Decoding the Impact of Lipid Saturation on ER Signaling Networks, ERSU, UPR, and ERAD

The faithful inheritance of a functional endoplasmic reticulum (ER) in Saccharomyces cerevisiae is safeguarded by the ER Stress Surveillance (ERSU) checkpoint, which delays cytokinesis when ER homeostasis is perturbed. Under stress, ER transmission to the daughter cell is halted, while in parallel—but through independent pathways—the Unfolded Protein Response (UPR) restores ER function and ER-associated degradation (ERAD) eliminates misfolded proteins, ultimately allowing cell cycle re-entry.
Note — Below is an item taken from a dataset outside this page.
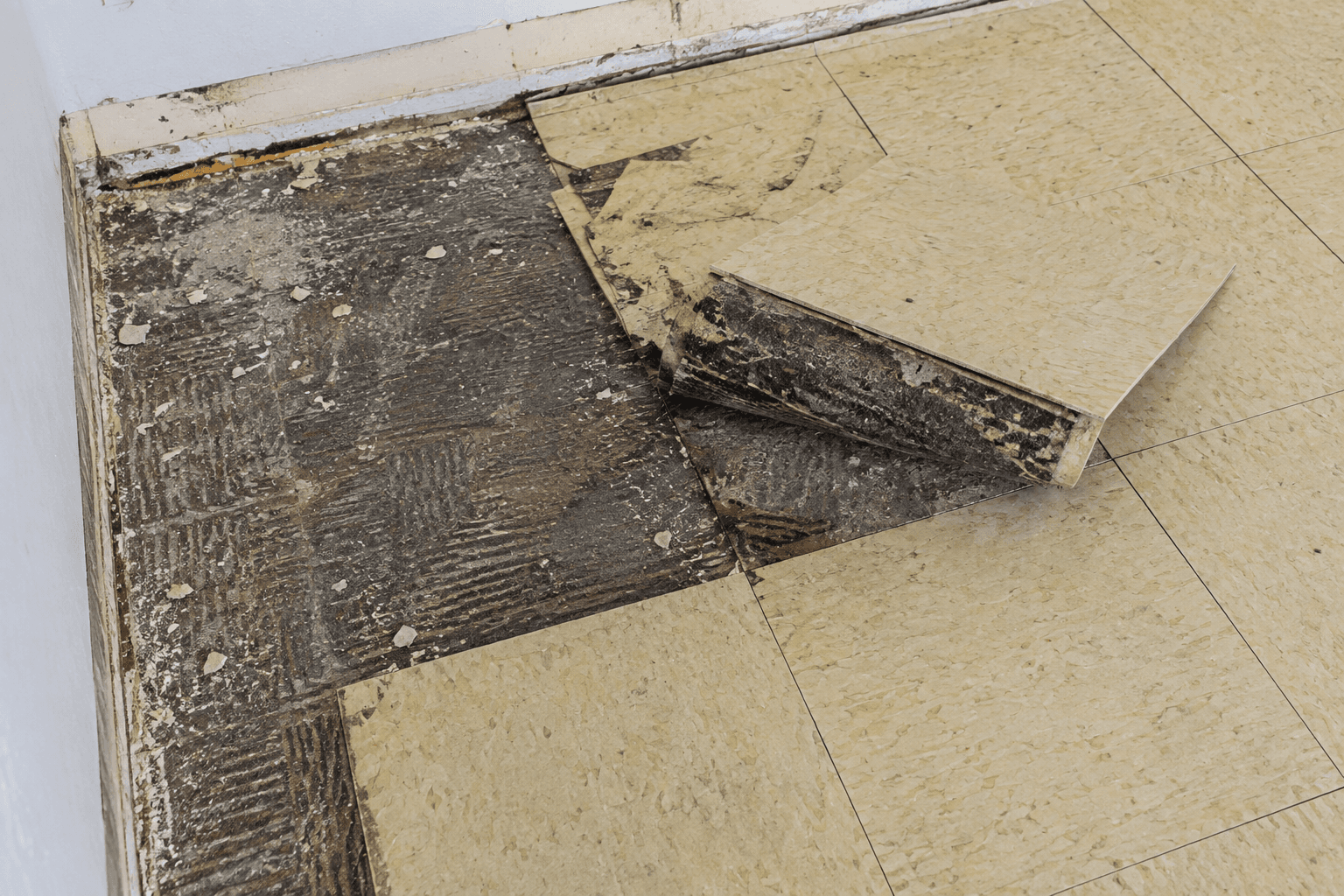 Old floor tiles partially removed, exposing black adhesive and the subfloor surface during renovation work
ER stress also transiently stimulates sphingolipid biosynthesis, with the intermediate phytosphingosine (PHS) acting as a key activator of ERSU. Yet, how broader lipid parameters—such as membrane composition, saturation, and fluidity—reshape ER quality control and, in particular, govern ER inheritance during division remains poorly understood. To address this, we employed a tightly controlled experimental system to selectively alter lipid saturation and phospholipid composition while monitoring ER inheritance within the framework of ER homeostasis maintained by UPR and ERAD. Strikingly, we found that perturbations in lipid balance exerted specific effects on ER inheritance that were distinct from their impact on UPR and ERAD. These findings reveal lipid homeostasis as a critical integrator of ER functional regulation, linking ERSU, UPR, and ERAD into a unified adaptive network that ensures robust ER transmission and cellular resilience under stress.